Recorded data:
────────

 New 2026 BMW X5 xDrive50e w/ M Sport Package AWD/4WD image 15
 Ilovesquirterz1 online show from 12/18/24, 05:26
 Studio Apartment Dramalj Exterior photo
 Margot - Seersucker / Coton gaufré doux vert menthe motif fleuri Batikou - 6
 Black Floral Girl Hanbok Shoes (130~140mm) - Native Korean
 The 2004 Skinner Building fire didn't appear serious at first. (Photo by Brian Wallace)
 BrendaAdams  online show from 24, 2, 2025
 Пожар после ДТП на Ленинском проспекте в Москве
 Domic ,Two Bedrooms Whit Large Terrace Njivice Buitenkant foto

────────

Output the records above exactly as written.

*Written response:*
 New 2026 BMW X5 xDrive50e w/ M Sport Package AWD/4WD image 15
 Ilovesquirterz1 online show from 12/18/24, 05:26
 Studio Apartment Dramalj Exterior photo
 Margot - Seersucker / Coton gaufré doux vert menthe motif fleuri Batikou - 6
 Black Floral Girl Hanbok Shoes (130~140mm) - Native Korean
 The 2004 Skinner Building fire didn't appear serious at first. (Photo by Brian Wallace)
 BrendaAdams  online show from 24, 2, 2025
 Пожар после ДТП на Ленинском проспекте в Москве
 Domic ,Two Bedrooms Whit Large Terrace Njivice Buitenkant foto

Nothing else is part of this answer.